TASK PROMPT
Copy out precisely the lines from the start of the data through the line with "A dining area", and keep pictures out of it.

DATASET EXCERPTS
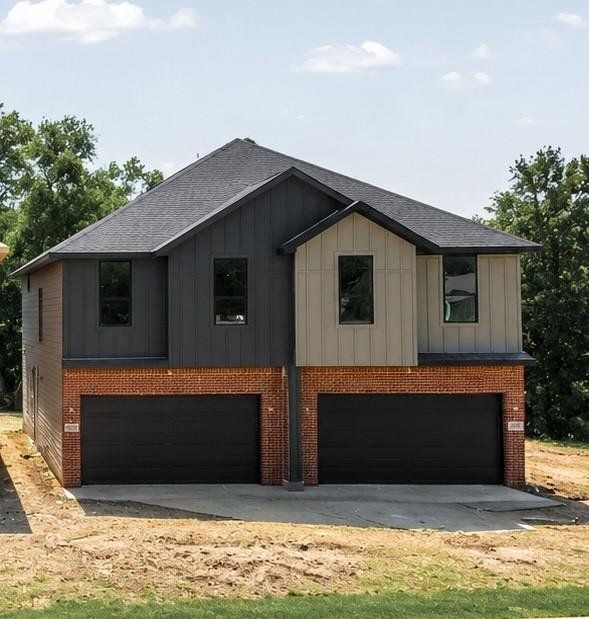 Modern duplex exterior featuring brick and vertical siding Modern duplex exterior featuring brick and vertical siding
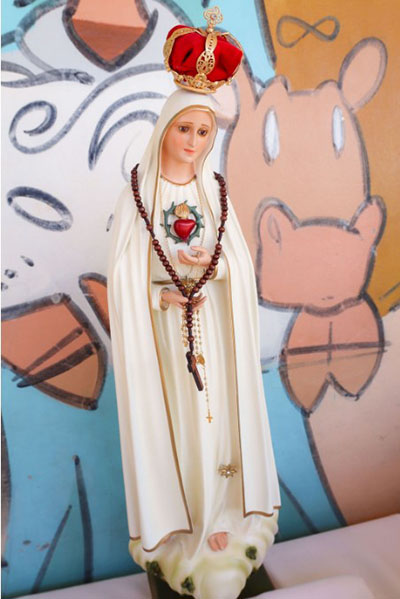 Students at Our Lady of the Holy Rosary-St. Richard School placed flowers in front of this image of Our Lady of the Holy Rosary to mark the feast of the Holy Rosary, Oct. 7, 2022.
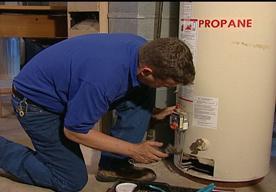 Rowlett plumber repairing a water heater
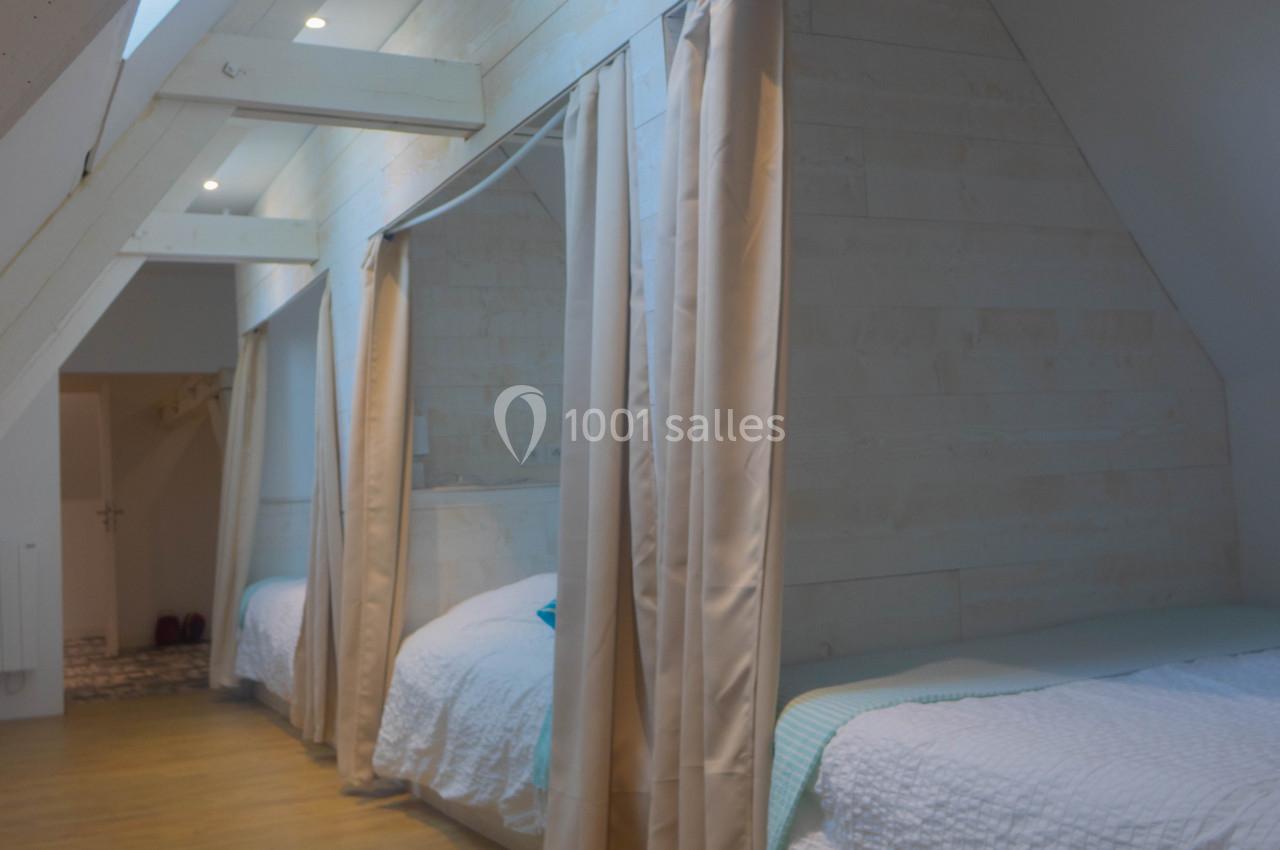 Chambre mansardée avec lits simples alignés, séparés par des rideaux, et éclairée par des fenêtres de toit.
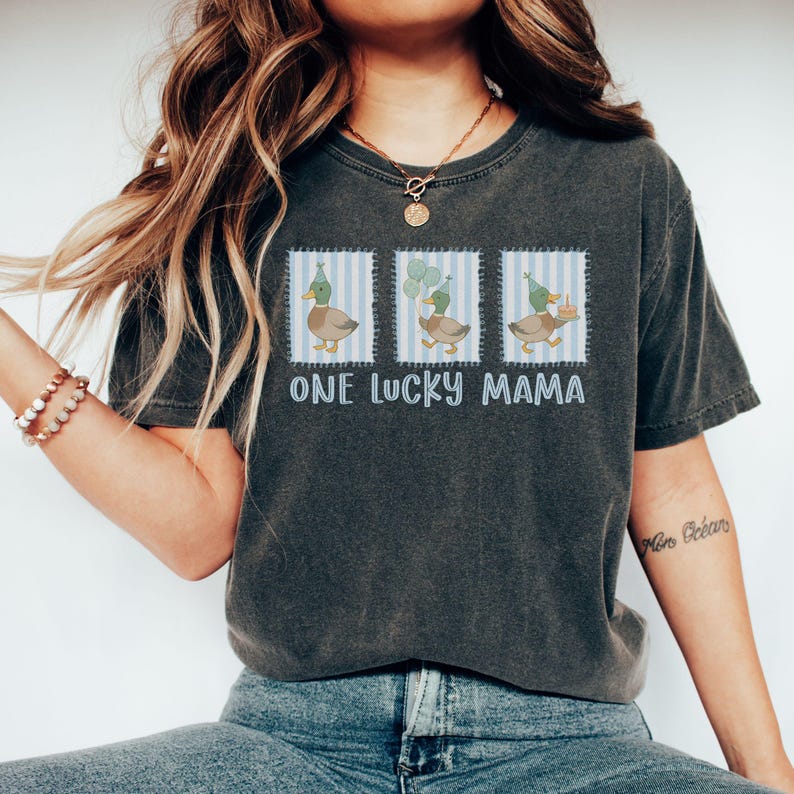 Puede incluir: Camiseta gris oscuro con el texto "ONE LUCKY MAMA". La camiseta presenta tres ilustraciones de patos con sombreros de fiesta y globos. Los patos est&aacute;n sobre un fondo a rayas azules y blancas.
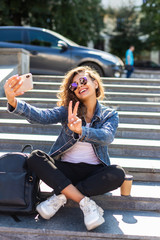 Fototapeta na wymiar Portrait of pretty young woman taking selfie photo on smartphone while sitting on stairs outdoors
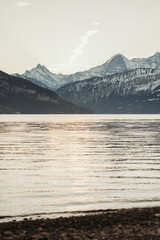 Winter morning at Lake Thun, Switzerland, with mountains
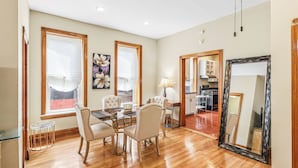 A dining area with a wooden table and chairs, a large mirror, and a kitchen visible through an open doorway. - Scott C.H. (Chicago)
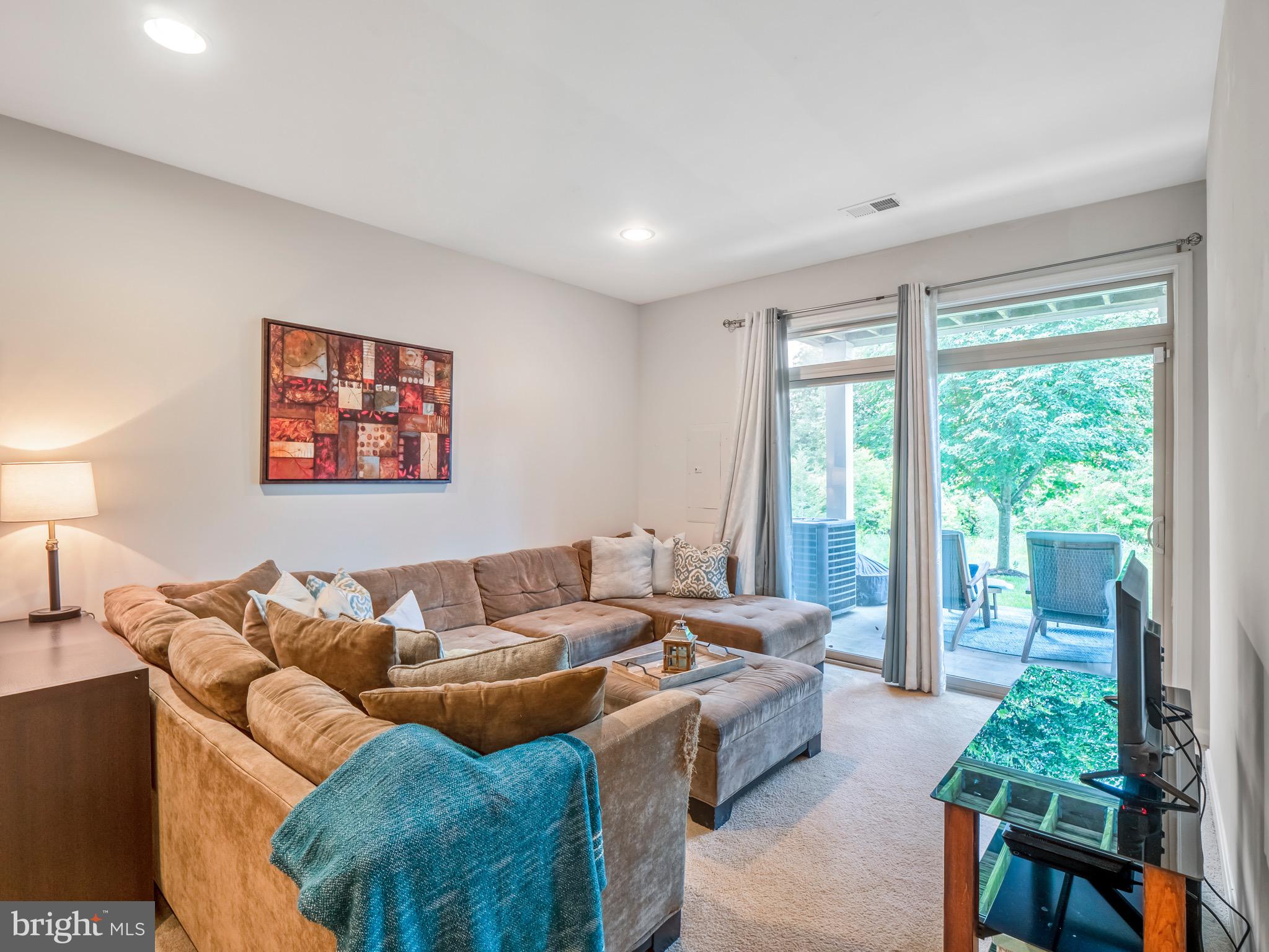 23366 Evening Primrose Square Brambleton, VA 20148 - Photo 25 of 28 a living room with furniture and a large window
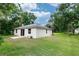 An ample backyard is a blank canvas awaiting its new owners' personal touch at 1388 15Th St, Orange City, FL 32763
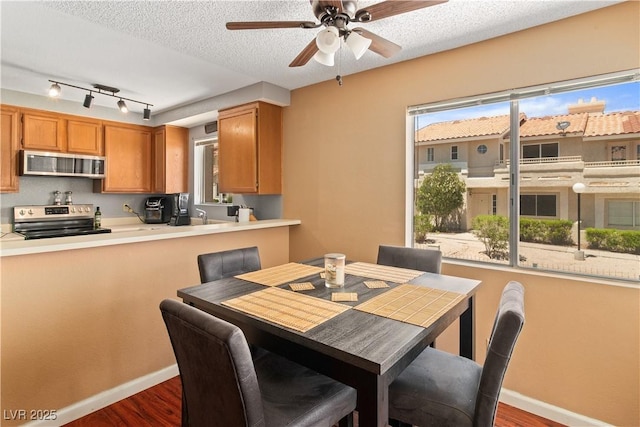 2200 Highpointe Dr Unit 202, Laughlin, NV 89029 - dining area featuring dark wood-style floors, ceiling fan, baseboards, and a textured ceiling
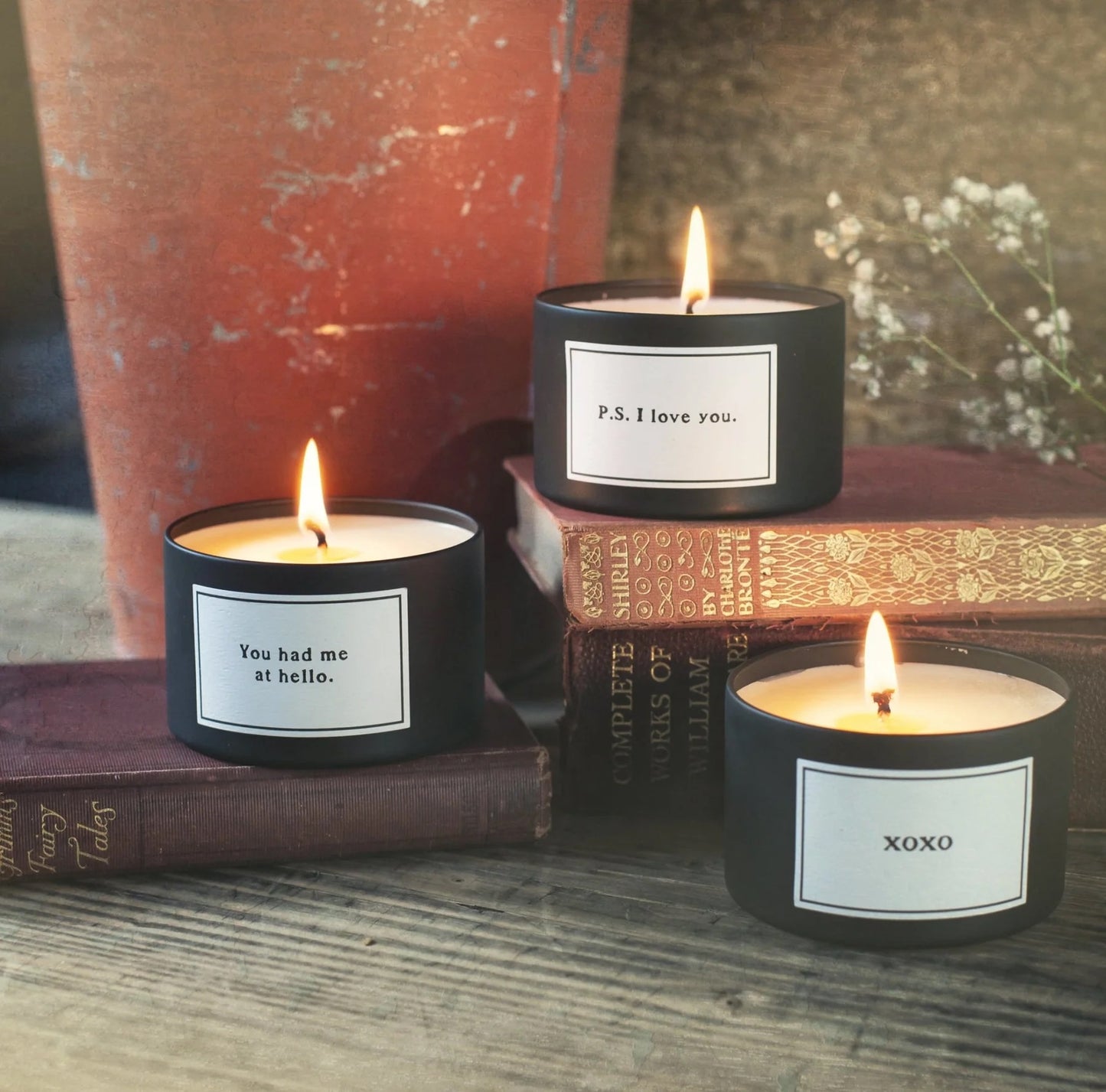 Three lit candles with labels on a wooden surface with books and a plant in the background
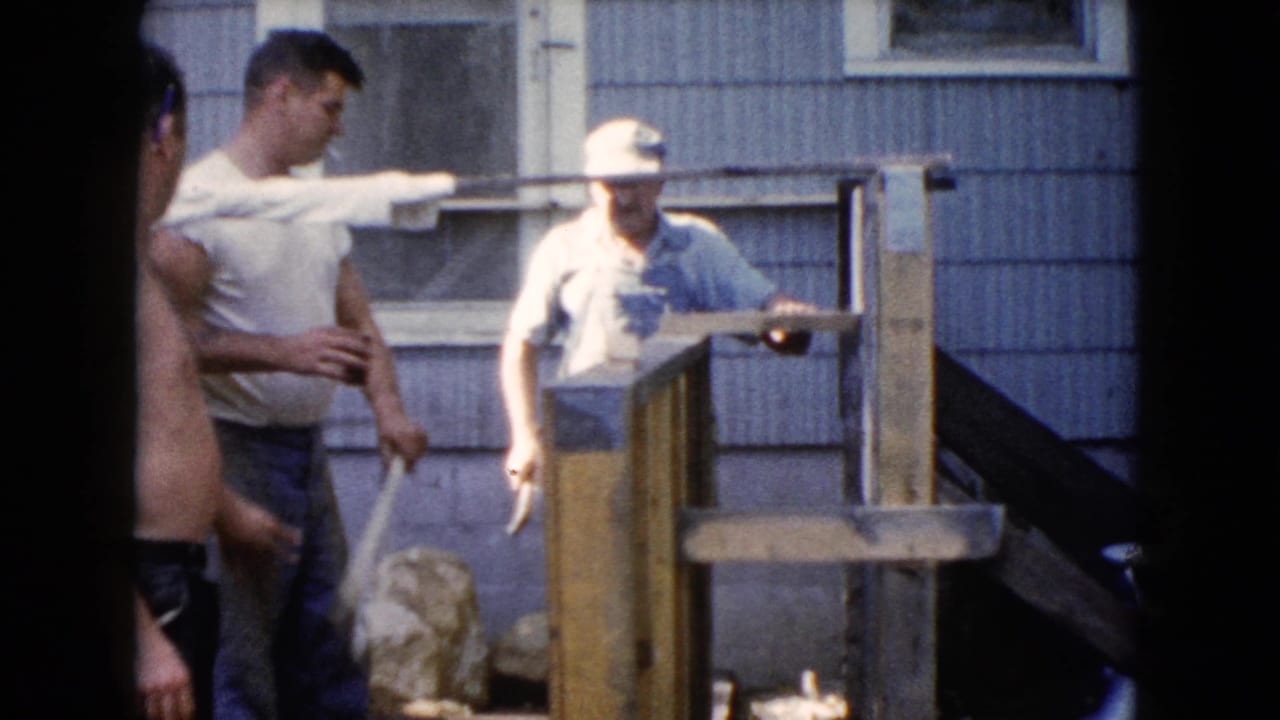 In 1960 Wauconda home-movie footage, two men stand by a wooden fence or railing outside a sided house as another shirtless man enters frame.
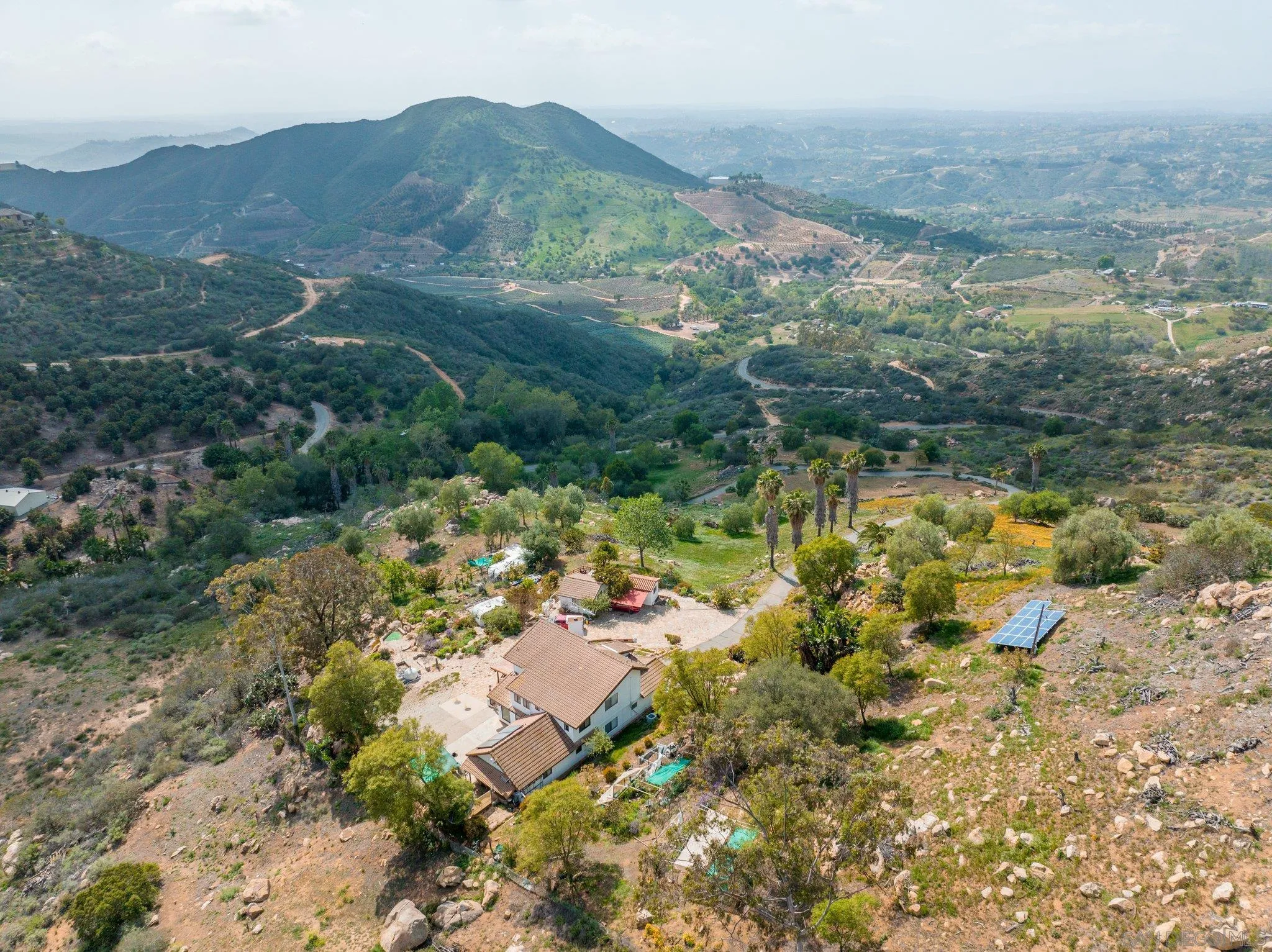 9202 Moon Ridge Road Fallbrook, CA 92028 - Photo 7 of 44 a view of a lake with mountains in the background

OUTPUT BELOW
 Modern duplex exterior featuring brick and vertical siding Modern duplex exterior featuring brick and vertical siding
 Students at Our Lady of the Holy Rosary-St. Richard School placed flowers in front of this image of Our Lady of the Holy Rosary to mark the feast of the Holy Rosary, Oct. 7, 2022.
 Rowlett plumber repairing a water heater
 Chambre mansardée avec lits simples alignés, séparés par des rideaux, et éclairée par des fenêtres de toit.
 Puede incluir: Camiseta gris oscuro con el texto "ONE LUCKY MAMA". La camiseta presenta tres ilustraciones de patos con sombreros de fiesta y globos. Los patos est&aacute;n sobre un fondo a rayas azules y blancas.
 Fototapeta na wymiar Portrait of pretty young woman taking selfie photo on smartphone while sitting on stairs outdoors
 Winter morning at Lake Thun, Switzerland, with mountains
 A dining area with a wooden table and chairs, a large mirror, and a kitchen visible through an open doorway. - Scott C.H. (Chicago)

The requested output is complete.